**Task to complete:** Please restate each line of the material word for word and omit any pictures.

**Dataset content:**
■ ■ ■ ■ ■
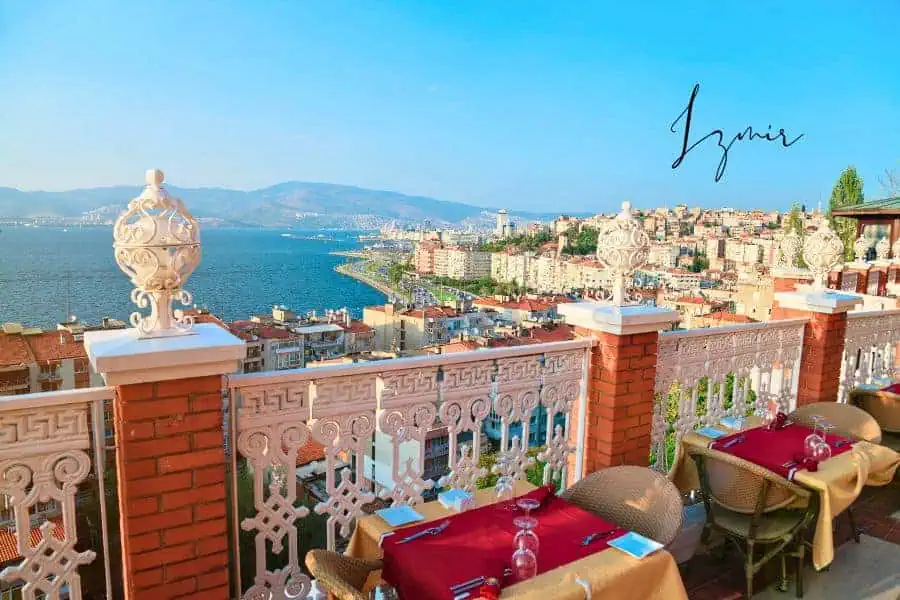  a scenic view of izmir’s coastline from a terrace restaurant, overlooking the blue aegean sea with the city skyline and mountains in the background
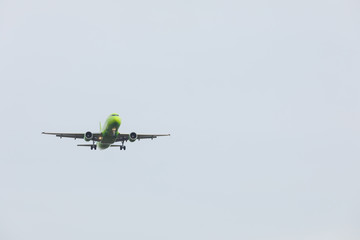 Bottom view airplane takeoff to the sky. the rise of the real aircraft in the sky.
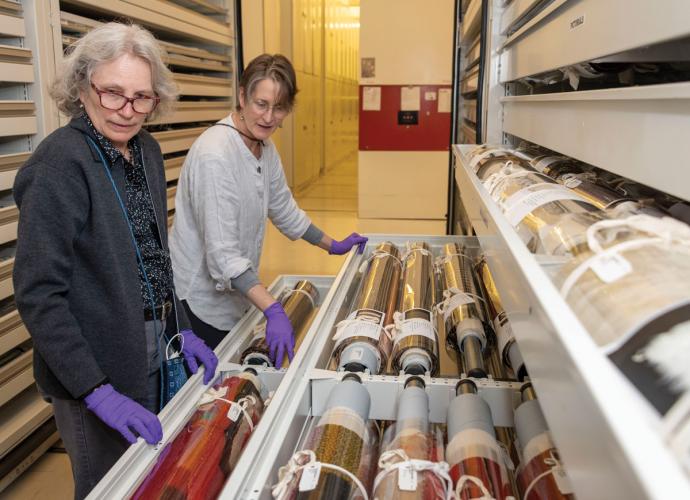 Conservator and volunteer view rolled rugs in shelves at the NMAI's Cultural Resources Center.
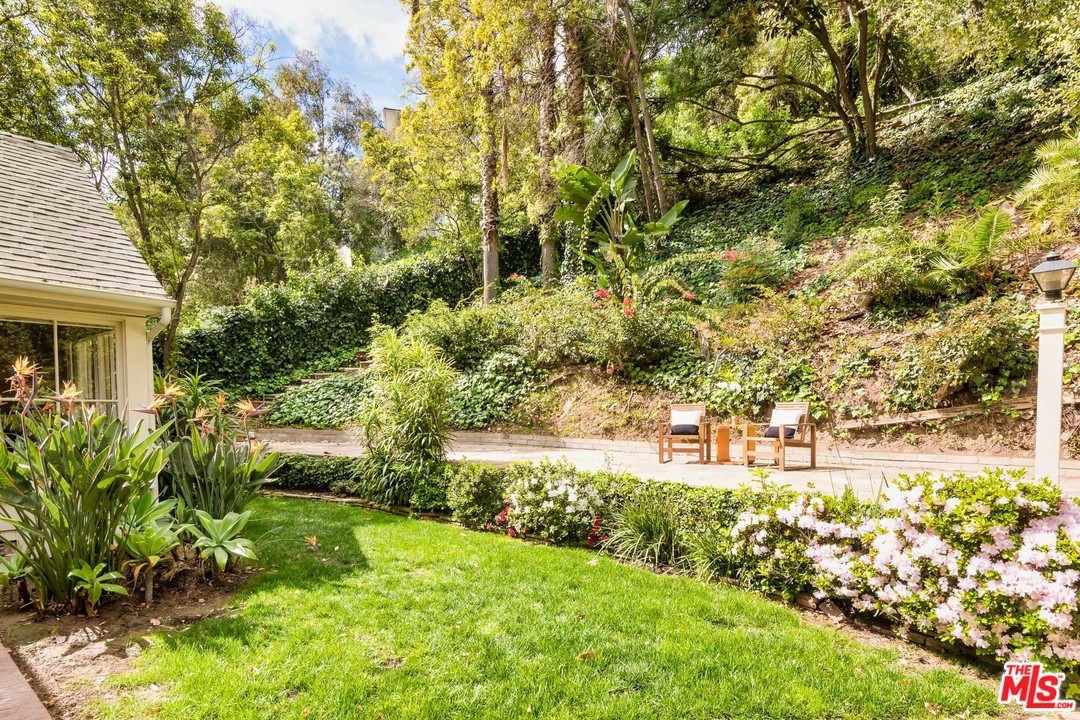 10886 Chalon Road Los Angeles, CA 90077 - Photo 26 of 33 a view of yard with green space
■ ■ ■ ■ ■
**Result below:**
  a scenic view of izmir’s coastline from a terrace restaurant, overlooking the blue aegean sea with the city skyline and mountains in the background
 Bottom view airplane takeoff to the sky. the rise of the real aircraft in the sky.
 Conservator and volunteer view rolled rugs in shelves at the NMAI's Cultural Resources Center.
 10886 Chalon Road Los Angeles, CA 90077 - Photo 26 of 33 a view of yard with green space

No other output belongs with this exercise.